The standard continued to evolve into NFSv3, defined by RFC 1813. This iteration of the protocol was much more scalable than previous versions, supporting large files (larger than 2GB), asynchronous writes, and TCP as the transport protocol, paving the way for file systems over wide area networks. In 2000, RFC 3010 (revised by RFC 3530) brought NFS into the enterprise setting. Sun introduced NFSv4 with strong security along with a stateful protocol (prior versions of NFS were stateless). Today, NFS exists as version 4.1 (as defined by RFC 5661), which adds protocol support for parallel access across distributed servers (called the pNFS extension).
The timeline of NFS, including the specific RFCs that document its behavior, is shown in Figure 1.
Figure 1. Timeline of NFS protocols
Amazingly, NFS has been under development for almost 30 years. It represents an extremely stable (and portable) networked file system that’s scalable, high performing, and enterprise quality. As network speeds increase and latencies decrease, NFS continues to be an attractive option for serving a file system over a network. Even in local network settings, virtualization drives storage into the network to support more mobile virtual machines. NFS even supports the latest computing models to optimize virtualized infrastructures.
The NFS architecture
NFS follows the client-server model of computing (see Figure 2). The server implements the shared file system and storage to which clients attach. The clients implement the user interface to the shared file system, mounted within the client’s local file space.

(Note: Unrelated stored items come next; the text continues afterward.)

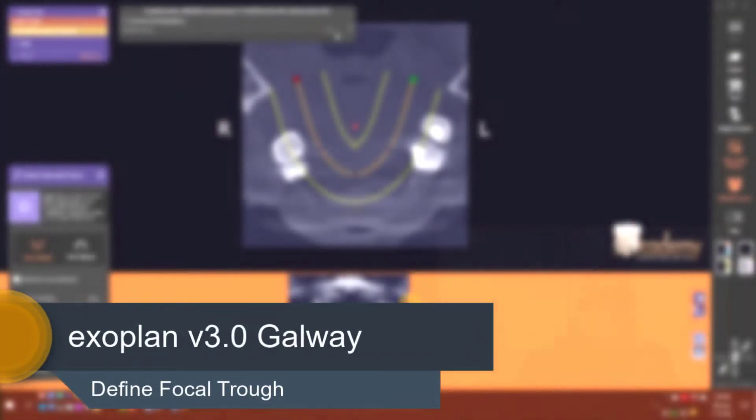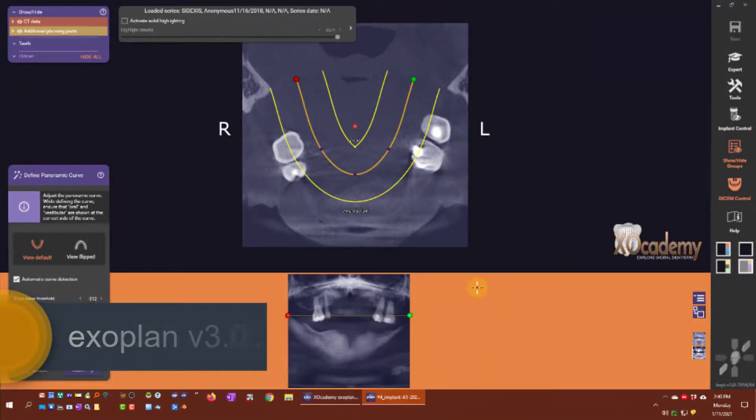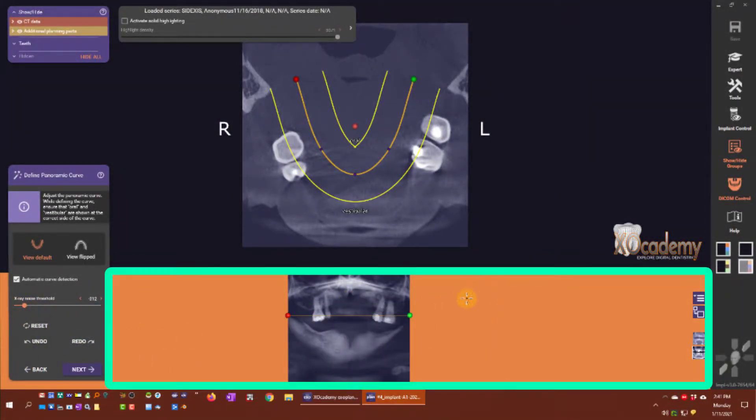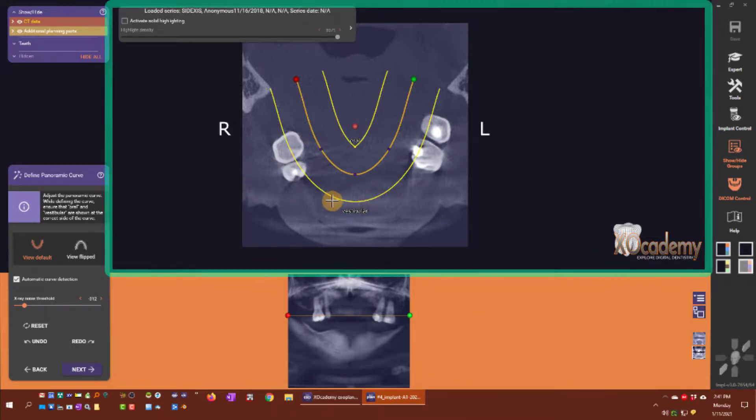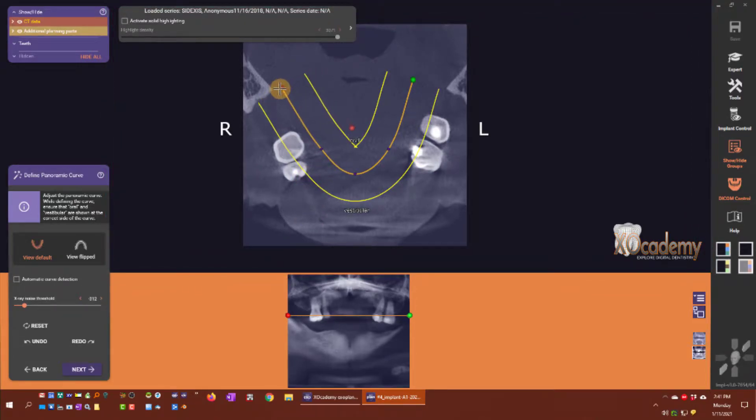Now we're going to define the curve. We have two windows here: the lower window is our panoramic composite and the upper window is our axial view. You can see we have a red control point here.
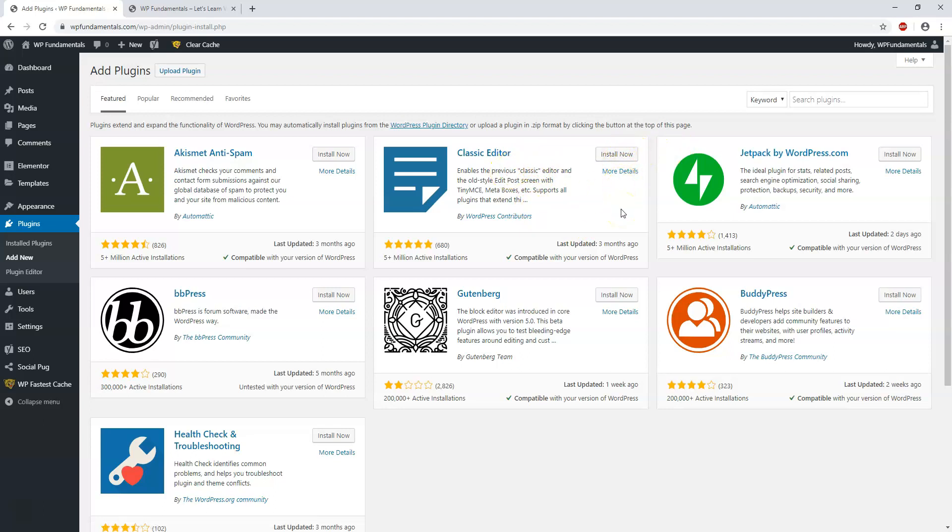So with that all out of the way, let's dive into the next video and we're going to go over WordPress pages.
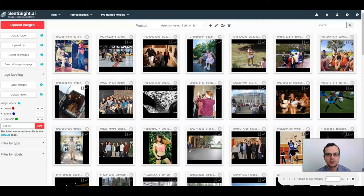Hi and welcome to this video tutorial on how to train object detection models using CentiSight.ai.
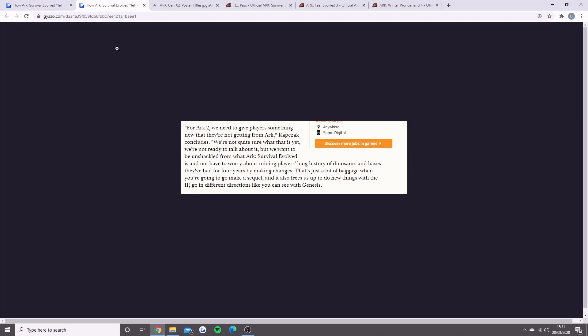The next bit of information: for ARK 2, we need to give players something new that they're not getting from ARK 1, said Jesse who works at Wildcard. He concluded we're not quite sure what that is yet and we're not ready to talk about it, but what we want is to be unshackled from ARK Survival Evolved. We don't want to ruin players' long history of dinosaurs and bases they've had for four years. That's a lot of baggage when making a sequel.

Figure 2. The client-server architecture of NFS
Within Linux®, the virtual file system switch (VFS) provides the means to support multiple file systems concurrently on a host (such as International Organization for Standardization [ISO] 9660 on a CD-ROM and ext3fs on the local hard disk). The VFS determines which storage a request is intended for, then which file system must be used to satisfy the request. For this reason, NFS is a pluggable file system just like any other. The only difference with NFS is that input/output (I/O) requests may not be satisfied locally, instead having to traverse the network for completion.
Once a request is found to be destined for NFS, VFS passes it to the NFS instance within the kernel. NFS interprets the I/O request and translates it into an NFS procedure (
REMOVE, and so on). These procedures, which are documented within the particular NFS RFC, specify the behaviors within the NFS protocol. Once a procedure is selected from the I/O request, it is performed within the remote procedure call (RPC) layer. As the name implies, RPC provides the means to perform procedure calls between systems. It marshals the NFS request and accompanying arguments together, manages sending them to the appropriate remote peer, and then manages and tracks the response, providing it to the appropriate requester.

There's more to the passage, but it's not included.